Rosie grows up with Katriona and her aunt, seemingly an ordinary village girl, and a more plain-spoken, unorthodox princess cannot be imagined. (Another delightful twist is how all of the other fairies’ princess-appropriate gifts are subverted by Rosie’s true nature.) But Rosie, Katriona and Katriona’s aunt can all feel Pernicia’s magic seeking to hunt down Rosie, and it only gets scarier as her sixteenth birthday approaches.
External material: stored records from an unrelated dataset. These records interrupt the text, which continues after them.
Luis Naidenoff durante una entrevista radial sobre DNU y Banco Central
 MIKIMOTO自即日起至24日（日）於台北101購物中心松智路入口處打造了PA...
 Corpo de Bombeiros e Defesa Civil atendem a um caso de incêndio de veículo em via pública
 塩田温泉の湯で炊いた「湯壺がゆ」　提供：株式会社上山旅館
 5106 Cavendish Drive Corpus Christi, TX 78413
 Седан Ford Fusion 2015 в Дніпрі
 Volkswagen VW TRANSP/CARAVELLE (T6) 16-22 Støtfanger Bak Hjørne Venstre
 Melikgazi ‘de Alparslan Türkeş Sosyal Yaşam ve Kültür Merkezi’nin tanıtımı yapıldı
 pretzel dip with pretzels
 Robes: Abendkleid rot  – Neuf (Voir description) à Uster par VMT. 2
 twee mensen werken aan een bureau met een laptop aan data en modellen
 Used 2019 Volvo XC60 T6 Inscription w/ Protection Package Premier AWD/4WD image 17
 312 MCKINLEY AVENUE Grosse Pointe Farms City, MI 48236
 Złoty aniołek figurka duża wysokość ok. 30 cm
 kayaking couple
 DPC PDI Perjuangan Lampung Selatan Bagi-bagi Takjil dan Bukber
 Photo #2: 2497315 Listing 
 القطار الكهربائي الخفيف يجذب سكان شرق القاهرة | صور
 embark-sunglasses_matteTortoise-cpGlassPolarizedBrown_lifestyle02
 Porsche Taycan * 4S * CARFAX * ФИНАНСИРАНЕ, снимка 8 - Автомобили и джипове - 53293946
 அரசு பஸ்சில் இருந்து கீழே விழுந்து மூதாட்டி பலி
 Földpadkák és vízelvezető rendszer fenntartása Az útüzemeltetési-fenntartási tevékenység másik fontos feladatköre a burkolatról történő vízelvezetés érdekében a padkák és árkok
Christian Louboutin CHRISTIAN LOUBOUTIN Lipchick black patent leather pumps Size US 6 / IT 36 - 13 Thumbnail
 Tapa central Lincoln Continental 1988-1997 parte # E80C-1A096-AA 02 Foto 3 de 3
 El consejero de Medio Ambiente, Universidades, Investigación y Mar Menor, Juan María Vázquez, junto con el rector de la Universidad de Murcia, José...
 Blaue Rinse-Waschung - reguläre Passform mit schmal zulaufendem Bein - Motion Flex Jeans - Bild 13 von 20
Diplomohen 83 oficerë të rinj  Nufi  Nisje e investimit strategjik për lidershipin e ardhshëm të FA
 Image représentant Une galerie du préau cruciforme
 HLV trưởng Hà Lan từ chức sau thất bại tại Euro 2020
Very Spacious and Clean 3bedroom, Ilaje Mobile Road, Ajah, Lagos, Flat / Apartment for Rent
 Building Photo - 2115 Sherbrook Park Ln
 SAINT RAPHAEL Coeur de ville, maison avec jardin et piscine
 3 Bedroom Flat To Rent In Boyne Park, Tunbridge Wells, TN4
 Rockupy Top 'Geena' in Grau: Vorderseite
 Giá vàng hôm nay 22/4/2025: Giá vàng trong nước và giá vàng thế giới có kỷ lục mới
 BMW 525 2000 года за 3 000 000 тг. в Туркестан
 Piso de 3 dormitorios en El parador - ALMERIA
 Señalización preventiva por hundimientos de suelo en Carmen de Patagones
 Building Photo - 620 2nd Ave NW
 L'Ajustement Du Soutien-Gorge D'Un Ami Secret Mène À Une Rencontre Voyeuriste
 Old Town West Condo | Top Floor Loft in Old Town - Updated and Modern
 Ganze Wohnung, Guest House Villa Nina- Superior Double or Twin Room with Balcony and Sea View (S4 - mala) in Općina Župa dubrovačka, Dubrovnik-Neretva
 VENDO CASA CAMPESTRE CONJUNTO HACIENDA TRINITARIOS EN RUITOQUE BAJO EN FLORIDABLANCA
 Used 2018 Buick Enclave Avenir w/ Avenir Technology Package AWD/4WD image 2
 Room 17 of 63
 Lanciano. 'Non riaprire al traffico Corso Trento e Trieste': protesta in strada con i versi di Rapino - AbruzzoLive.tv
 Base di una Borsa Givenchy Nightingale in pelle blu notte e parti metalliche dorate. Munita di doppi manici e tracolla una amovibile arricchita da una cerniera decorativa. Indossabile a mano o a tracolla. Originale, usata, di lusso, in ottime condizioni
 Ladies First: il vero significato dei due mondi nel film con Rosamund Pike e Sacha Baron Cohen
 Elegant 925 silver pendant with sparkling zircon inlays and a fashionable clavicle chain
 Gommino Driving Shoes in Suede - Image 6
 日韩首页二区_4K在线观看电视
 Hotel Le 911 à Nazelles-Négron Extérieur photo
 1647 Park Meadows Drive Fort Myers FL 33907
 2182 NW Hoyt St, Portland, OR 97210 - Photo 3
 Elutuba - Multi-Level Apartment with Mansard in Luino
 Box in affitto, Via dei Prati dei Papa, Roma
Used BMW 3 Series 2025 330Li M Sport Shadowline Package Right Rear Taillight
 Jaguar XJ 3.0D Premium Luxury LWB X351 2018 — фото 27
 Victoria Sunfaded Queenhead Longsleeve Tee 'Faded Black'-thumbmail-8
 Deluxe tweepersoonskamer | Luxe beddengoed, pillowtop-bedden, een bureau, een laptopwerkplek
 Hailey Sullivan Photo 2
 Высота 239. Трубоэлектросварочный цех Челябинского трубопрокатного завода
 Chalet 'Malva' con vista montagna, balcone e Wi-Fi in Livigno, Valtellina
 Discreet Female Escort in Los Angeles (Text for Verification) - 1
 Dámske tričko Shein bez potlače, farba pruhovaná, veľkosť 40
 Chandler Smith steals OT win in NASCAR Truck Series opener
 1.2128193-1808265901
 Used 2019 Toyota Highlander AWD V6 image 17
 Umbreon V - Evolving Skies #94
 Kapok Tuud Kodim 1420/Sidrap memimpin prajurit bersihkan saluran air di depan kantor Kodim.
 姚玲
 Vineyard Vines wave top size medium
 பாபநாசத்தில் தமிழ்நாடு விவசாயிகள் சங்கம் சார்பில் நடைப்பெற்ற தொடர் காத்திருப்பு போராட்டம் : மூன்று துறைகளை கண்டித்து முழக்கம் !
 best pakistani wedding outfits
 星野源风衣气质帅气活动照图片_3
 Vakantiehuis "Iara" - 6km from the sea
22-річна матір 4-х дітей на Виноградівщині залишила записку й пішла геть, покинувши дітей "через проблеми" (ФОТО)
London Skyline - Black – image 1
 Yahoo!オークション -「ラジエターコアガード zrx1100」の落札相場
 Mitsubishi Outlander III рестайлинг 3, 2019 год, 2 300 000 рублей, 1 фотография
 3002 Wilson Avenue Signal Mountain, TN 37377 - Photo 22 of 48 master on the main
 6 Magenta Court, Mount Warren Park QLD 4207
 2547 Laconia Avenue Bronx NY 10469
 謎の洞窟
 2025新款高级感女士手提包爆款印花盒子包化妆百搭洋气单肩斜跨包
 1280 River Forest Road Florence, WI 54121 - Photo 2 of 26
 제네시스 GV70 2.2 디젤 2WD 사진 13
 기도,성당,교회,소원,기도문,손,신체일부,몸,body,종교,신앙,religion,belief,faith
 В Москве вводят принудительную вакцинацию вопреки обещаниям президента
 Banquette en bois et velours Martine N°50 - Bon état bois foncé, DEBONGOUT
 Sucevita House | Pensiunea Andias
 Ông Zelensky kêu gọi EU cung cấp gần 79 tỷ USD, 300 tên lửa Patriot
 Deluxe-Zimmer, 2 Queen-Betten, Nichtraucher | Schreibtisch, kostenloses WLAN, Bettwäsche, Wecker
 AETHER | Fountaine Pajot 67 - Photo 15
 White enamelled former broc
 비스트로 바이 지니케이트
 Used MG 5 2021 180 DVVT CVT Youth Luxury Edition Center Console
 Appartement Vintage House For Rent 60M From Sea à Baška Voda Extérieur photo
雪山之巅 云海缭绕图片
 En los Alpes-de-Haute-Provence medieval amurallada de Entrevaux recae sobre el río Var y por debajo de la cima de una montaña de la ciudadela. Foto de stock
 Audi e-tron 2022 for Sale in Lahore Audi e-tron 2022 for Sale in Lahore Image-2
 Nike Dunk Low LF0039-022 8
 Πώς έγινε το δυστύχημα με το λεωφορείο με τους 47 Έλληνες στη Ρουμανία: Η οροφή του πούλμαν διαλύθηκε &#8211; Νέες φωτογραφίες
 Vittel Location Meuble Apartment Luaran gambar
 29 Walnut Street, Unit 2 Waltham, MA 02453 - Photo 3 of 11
Spindle’s End isn’t for everyone. Robin McKinley loves animals, and they play a major and unquestionably charming role in the story here, but McKinley also loves quirky and folksy details and speaking in digressions and parentheticals, and she takes her sweet time telling this story. There’s one of those weird nightmarish scenes toward the end that McKinley is inexplicably fond of, when the characters get pulled into Pernicia’s kingdom. And I’ll just say that the final twist also will not be to everyone’s taste. I’m not entirely sure it was for me, but as I’ve revisited Spindle’s End a couple of times over the years I find myself more inclined to go along with McKinley’s slow-paced but lovely reimagining of this story.
Give it a shot if you’re fond of fairy tale retellings, but be prepared to immerse yourself in a leisurely-told story with an abundance of additional details and a few odd twists.